This is sort of a follow up to Karen’s article a few days ago highlighting gold and silver as a sector that you’ll want to pay attention to in the coming weeks. Here is a ratio chart of the Gold:USD. If you are unfamiliar with what a ratio chart is here is Stockcharts definition:

“You can divide any security by another and chart the results by entering the first security’s symbol, a colon (:), and then the second security’s symbol. For example, to compare how Intel has been doing relative to the Semiconductor Index, you’d enter “INTC:$SOX” in the “Enter Ticker” box of our SharpChart tool.”

One of the main reasons I’ve turned bullish on this sector is how we’ve finally broken out of the consolidation period we’ve been in since May. The upper boundary of that sideways movement should provide strong support for this breakout and any dips down there should be bought.
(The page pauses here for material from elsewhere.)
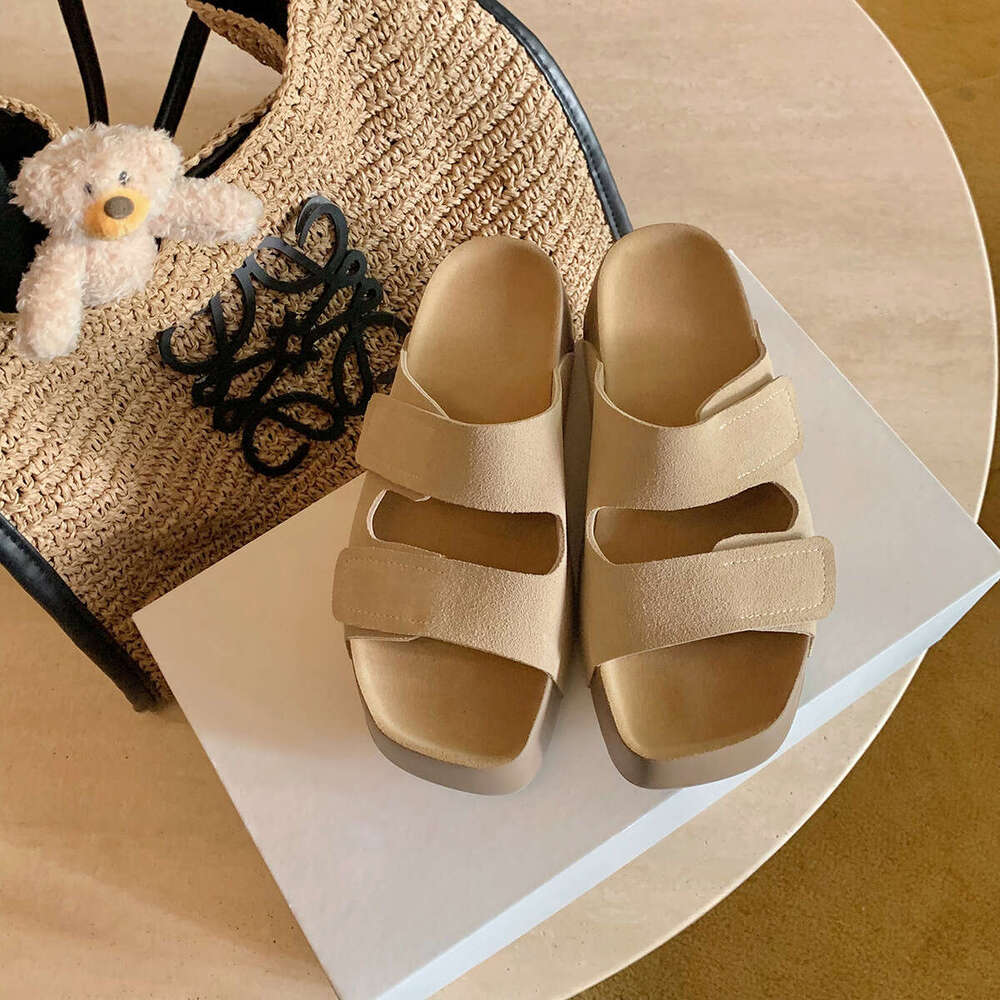 Designer Summer New Slippers for Women, Outdoor Wear, High-End Casual Sandals 2025, Petite Thick-Soled Women's Shoes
Pullbacks to the 10 level on RSI (2) could be a oversold signal as could the Slow Sto 5, 1. Of course I advise using whichever indicators you are most familiar with and I’m just sharing these to get your creative ideas flowing.

I’ve been previously bearish on precious metals and their recent run have convinced me that this rally could have more legs and at least for the short term one should be focusing on the long trade in this sector. Any break below the consolidation would likely lead to the severe sell off I previously felt was going to materialize.

 

Here is a chart of the US Platinum & Precious Metals Index confirming the strength of the chart above. SLW has been the leader and will likely pull back the least. I like the other 3 as well as they have mirrored this index closely and should be strong performers as well.

 

 

One Response to “Ratio Chart Looks Bullish For Gold”

  1. Andrew Cardwell Says:

    We turned positive on gold and silver about mid to late July based on my “RSI Range Rules” turning to up. We also saw my “positive reversal” patterns start to suggest higher prices for both. The gold has been trading sideways for a while and was due to breakout. We viewed the action as corrective and the breakout is the start of a new leg to the upside and the continuation of the long term uptrend. It may be a little overextended here, but pullbacks should be well supported.